Ma la vocazione proprietaria della politica di Carlo De Benedetti era sempre finalizzata a questioni economiche. E, infatti, il 28 marzo 1994 il carissimo Carlo Azeglio Ciampi quando stava per lasciare Palazzo Chigi perché gli amici sponsorizzati da De Benedetti (Occhetto e compagni) erano stati sconfitti alle elezioni un giorno prima da Berlusconi, decise il vincitore della gara d’appalto per il secondo gestore dei telefonini in Italia. Il vincitore fu naturalmente Carlo De Benedetti. Gli sconfitti, la cordata Fiat-Fininvest. Siccome «ciascun dal proprio cuor l’altrui misura» Carlo De Benedetti immaginò che il proprietario della Fininvest sconfitta, una volta arrivato a palazzo Chigi, avrebbe di fatto revocato alla Olivetti la licenza di secondo gestore della telefonia mobile. Così naturalmente non fu e il moribondo governo Ciampi, figlio dell’intrigo di palazzo, si comportò come i generali nazisti che con gli americani alle porte fuggivano bruciando le ultime carte e fece nascere la Omnitel di Carlo De Benedetti che realizzò uno dei migliori affari della sua vita. Ma all’ingegnere d’Ivrea non bastava. Il compianto Lorenzo Necci presidente delle Ferrovie di Stato, aveva concluso nel dicembre del 1993 con la Telecom pubblica di Ernesto Pascale la vendita della rete telefonica ferroviaria per 1.100 miliardi di vecchie lire.

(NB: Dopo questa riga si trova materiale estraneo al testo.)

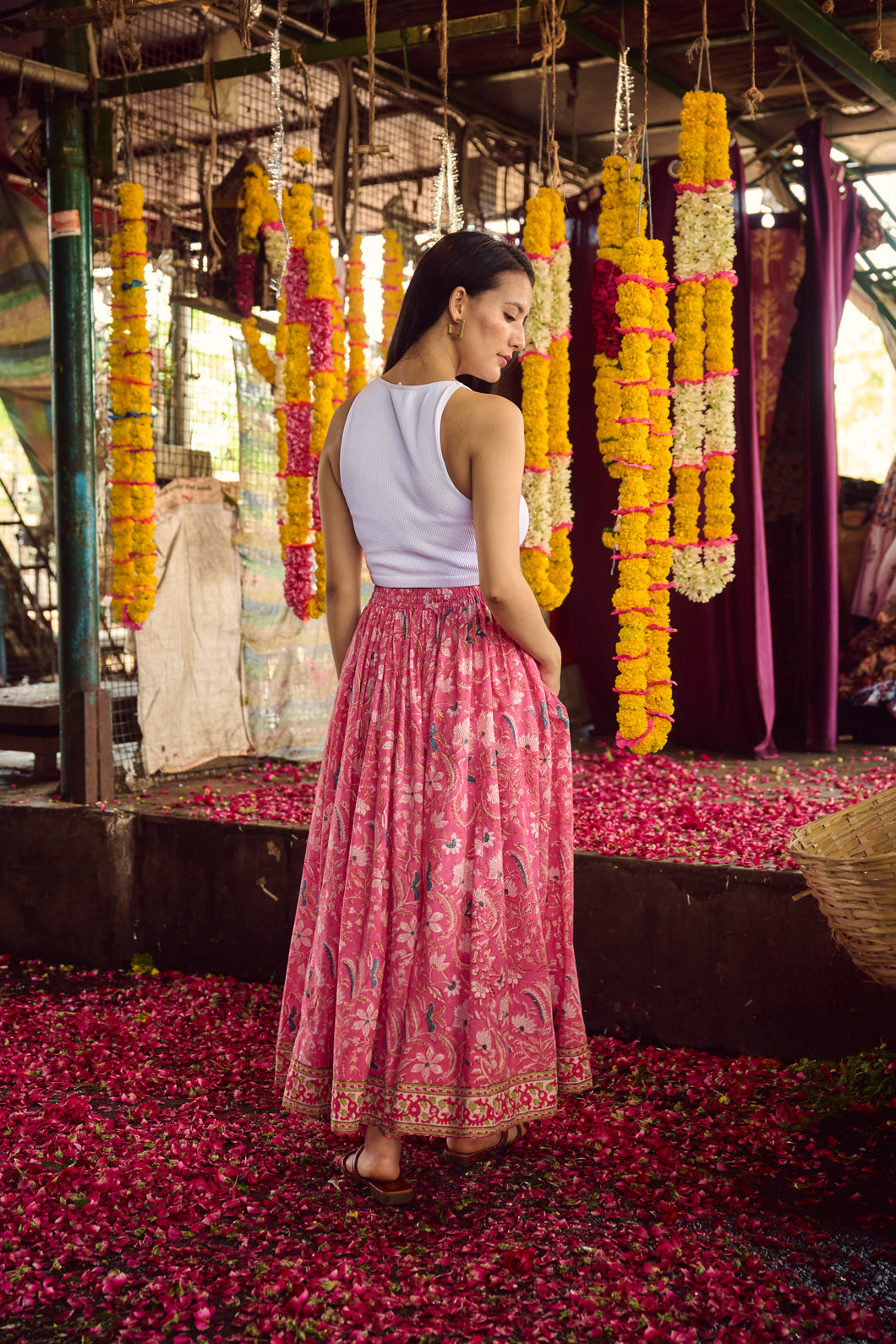 Panelled skirt with pockets - the happy pink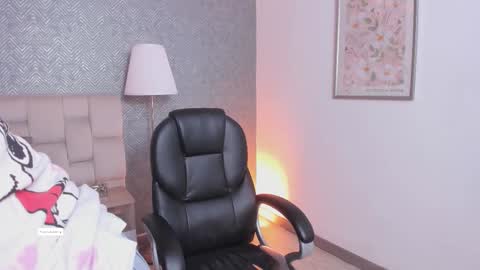 Snapshot of ah_mara chatting on February 24, 2026, 11:30 am Ahmara online show from February 24, 2026, 11:30 am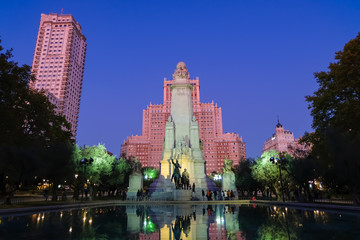Obraz premium マドリード スペイン広場 夜景
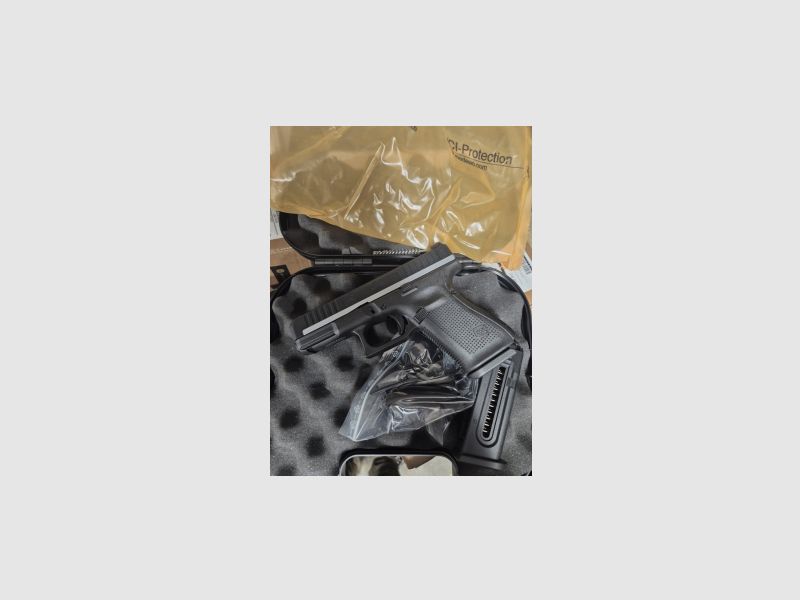 Glock 44 .22lr Silverline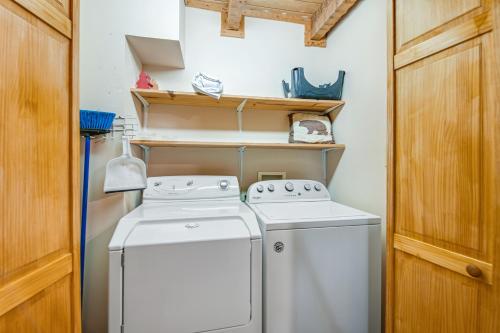 a small laundry room with a washer and dryer at Smokies Sanctuary in Hatchertown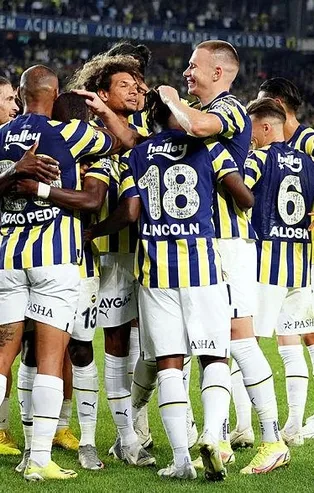 Alanyaspor'u Kadıköy'de gol yağmuruna tutan Fenerbahçe rakiplerine göz dağı verdi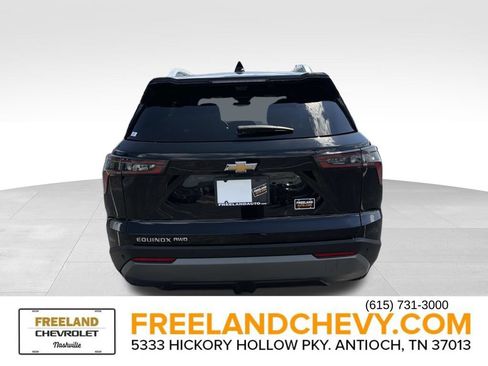 Used 2025 Chevrolet Equinox LT w/ Convenience Package II AWD/4WD image 4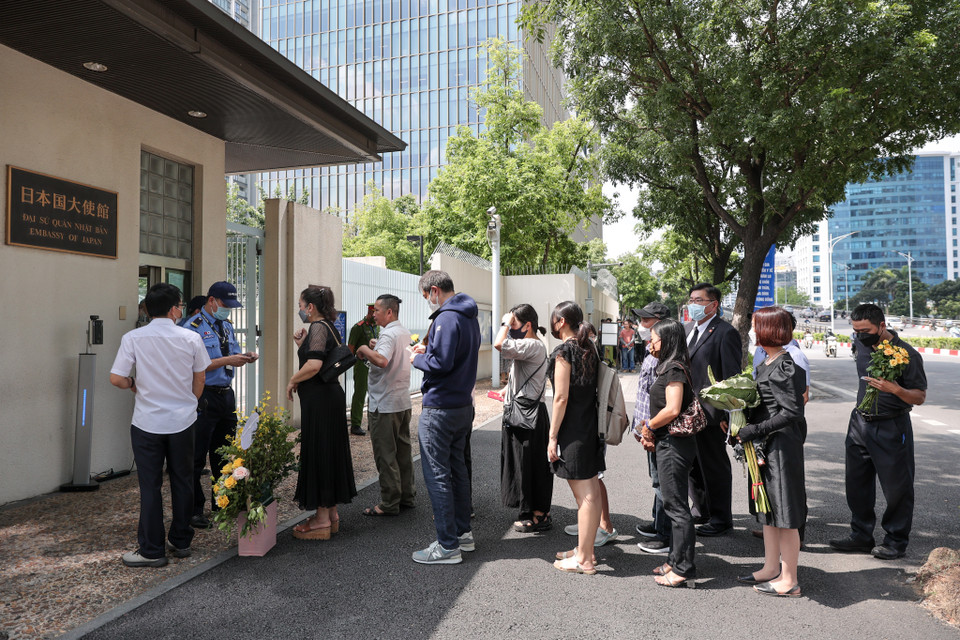 Ngay từ sớm, rất đông người dân Việt Nam đã xếp hàng trước cổng Đại sứ quán Nhật Bản để chờ tới lượt viếng cố Thủ tướng Abe Shinzo. (Ảnh: Minh Sơn/Vietnam+)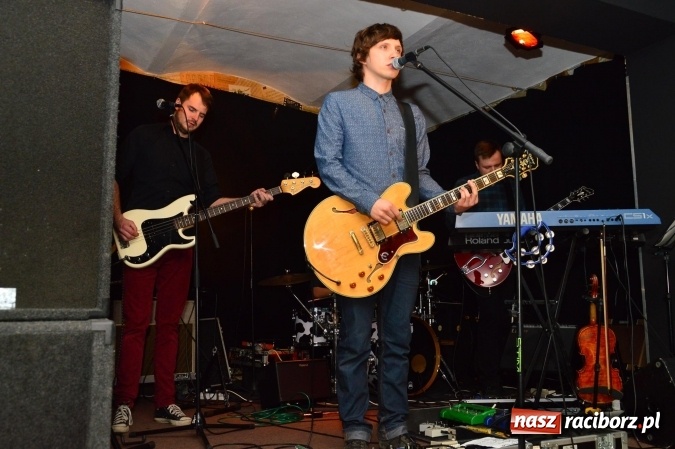 Zdjęcie w galerii na portalu naszraciborz.pl: Samołyk i Kurczat na Końcu Świata wiadomości z regionu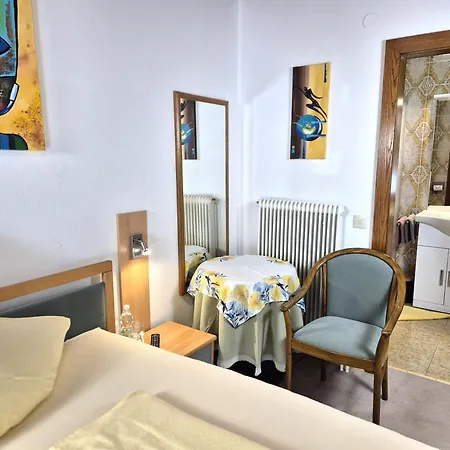 Hotel Garni Hutter 3*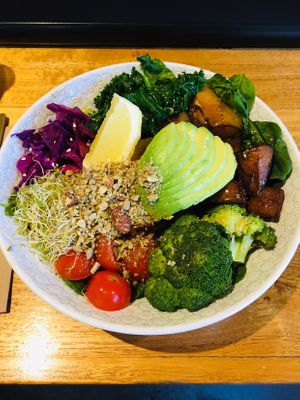 Nutrition bowl at Serotonin Eatery in Burnley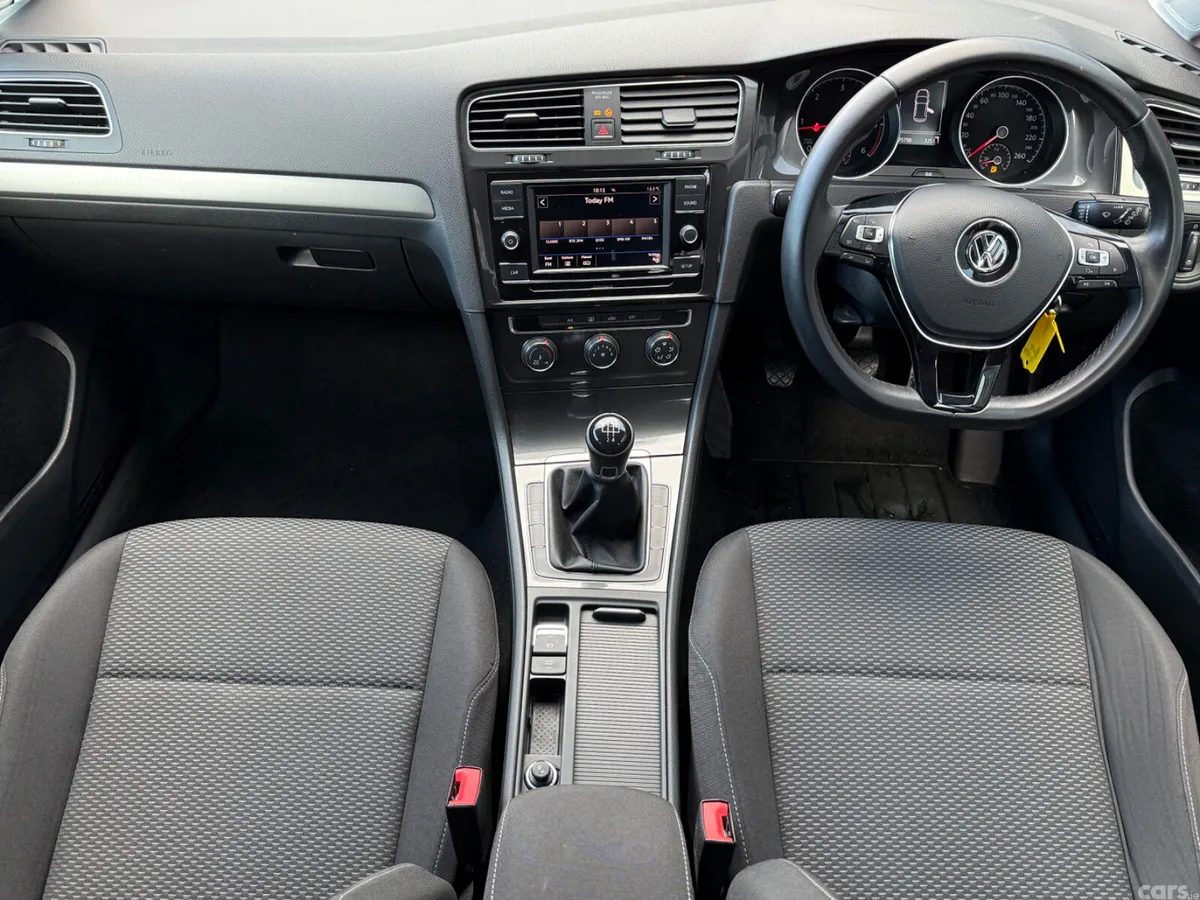 Volkswagen Golf Estate, Diesel, 2018, Red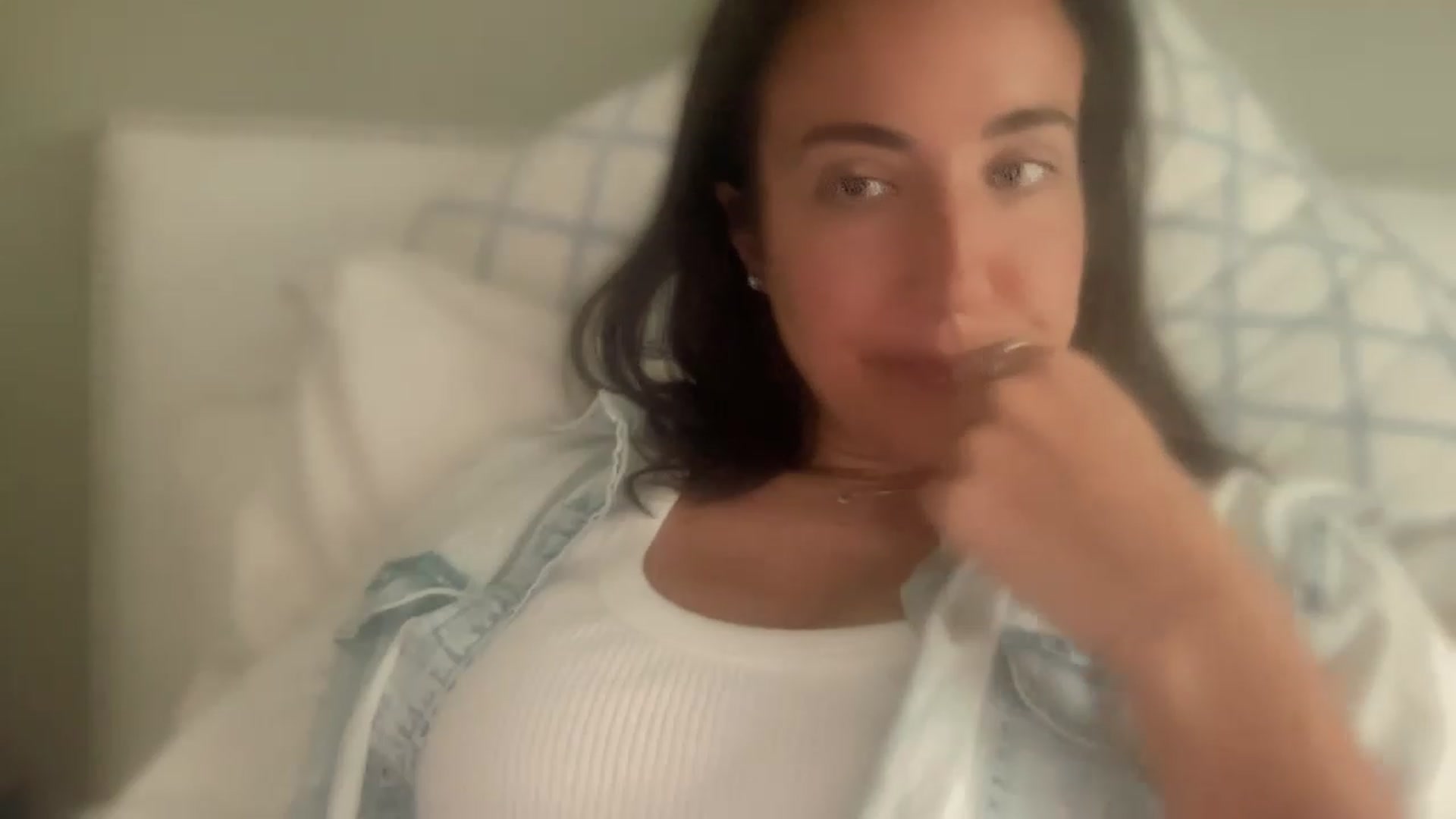 Gallery image thumbnail from olivia_virgo's myfreecams stream on, 04/23/2023, 19:47 image 15 of 20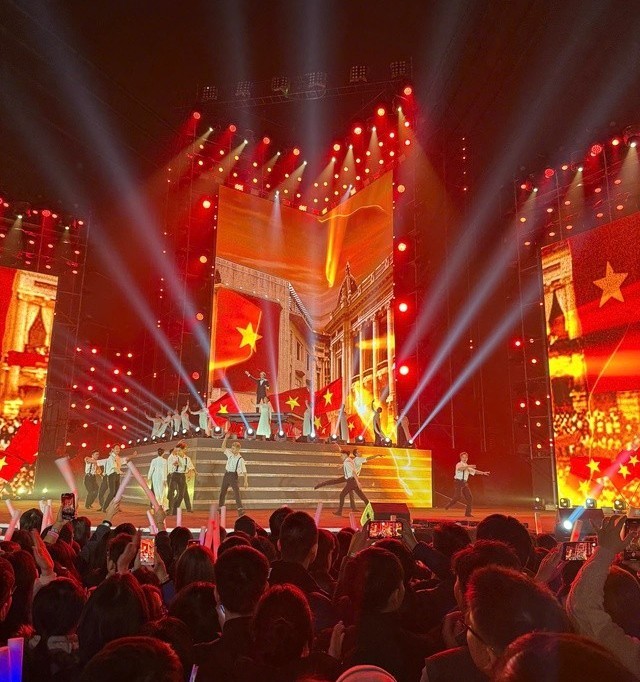 Hà Nội: Tạm cấm nhiều tuyến phố phục vụ Chương trình "Hòa nhạc ánh sáng - Chào năm mới 2026"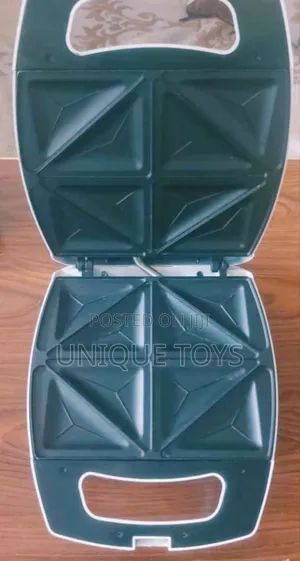 Geepas Standard Sandwich Maker  6,000 Birr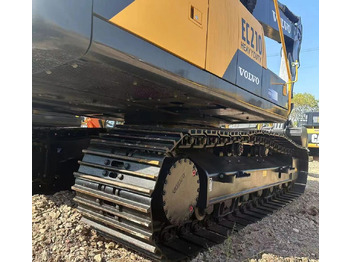 Excavator pe şenile VOLVO EC210
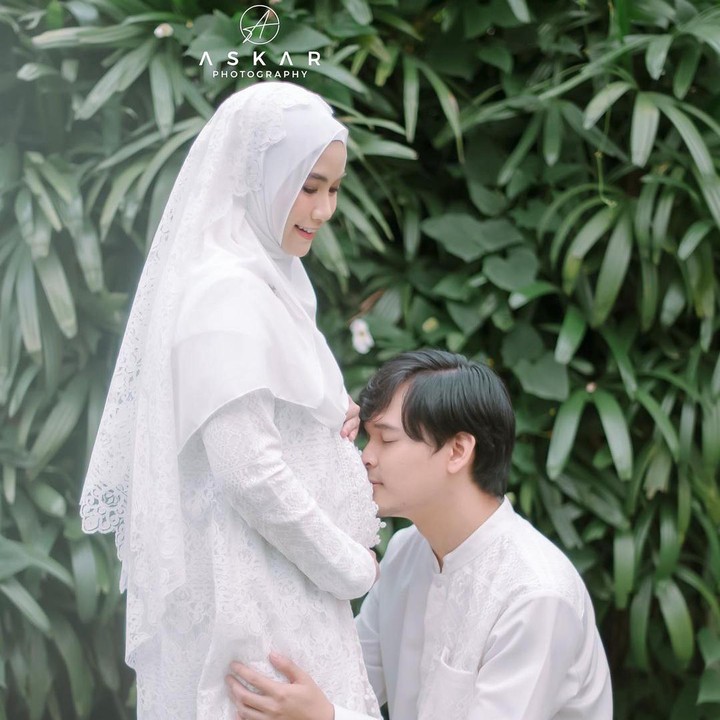 <p>Anisa Rahma hamil setelah empat tahun menanti momongan, Bunda. Kehamilan ini menjadi kado tak ternilai untuk Anisa dan suami. "Kita merasakan banget perjuangannya selama ini dalam menanti buah hati ya, benar-benar menjadi pejuang garis dua. Kita ini hampir empat tahun pernikahan, <em>alhamdulillah</em> dikasih keturunan sama Allah, dikasih kembar," kata Anisa kepada HaiBunda, belum lama ini. (Foto: Instagram @anisarahma_12)</p>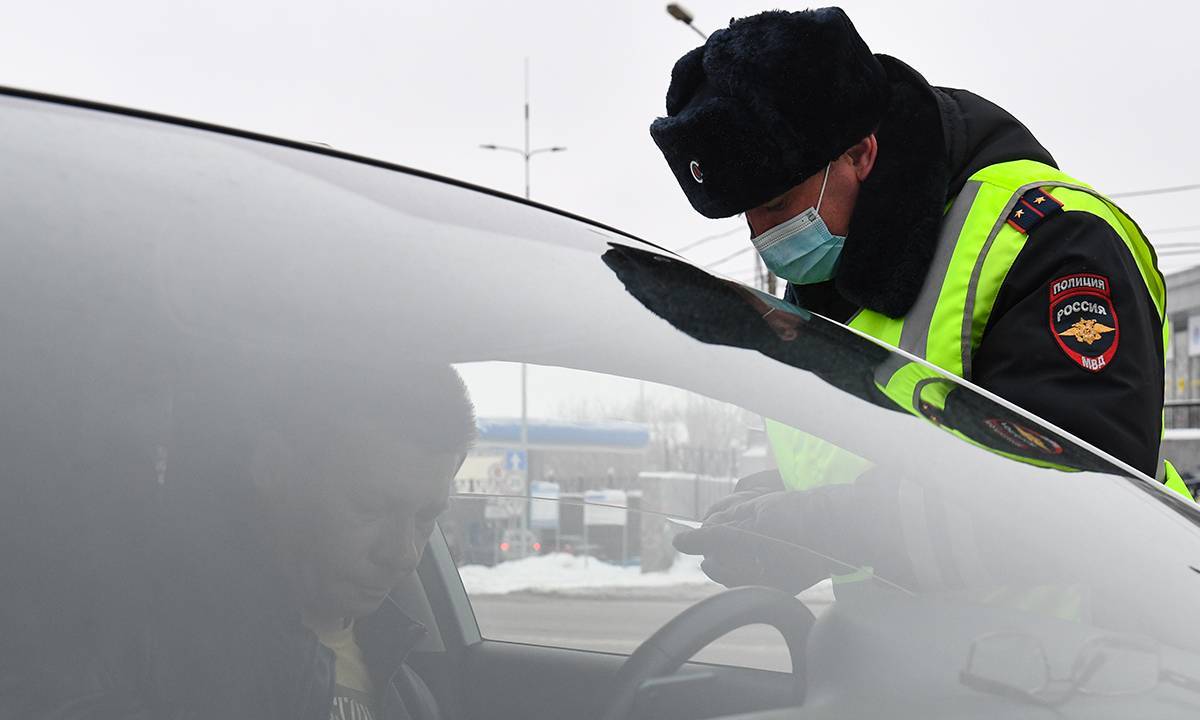 За какие неисправности автомобиля сотрудники ГИБДД смогут изымать документы  на транспортное средство – разъясняет Владимир Афонский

Ma Giuliano Amato, nominato alcuni mesi dopo da Silvio Berlusconi presidente dell’Antitrust, si mise di traverso suggerendo addirittura a Lorenzo Necci quale dovesse essere il destinatario della rete telefonica ferroviaria e cioè la Omnitel di Carlo De Benedetti probabilmente per farsi perdonare il suo acerrimo contrasto all’acquisto della Sme di alcuni anni prima. E così fu. Il prezzo concordato fu di 750 miliardi di lire (350 in meno del prezzo pattuito tra Stet-Telecom e Fs) e il pagamento fu rateizzato in 14 anni con rate annuali di 76 miliardi sempre di vecchie lire. Roba un po’ da ridere.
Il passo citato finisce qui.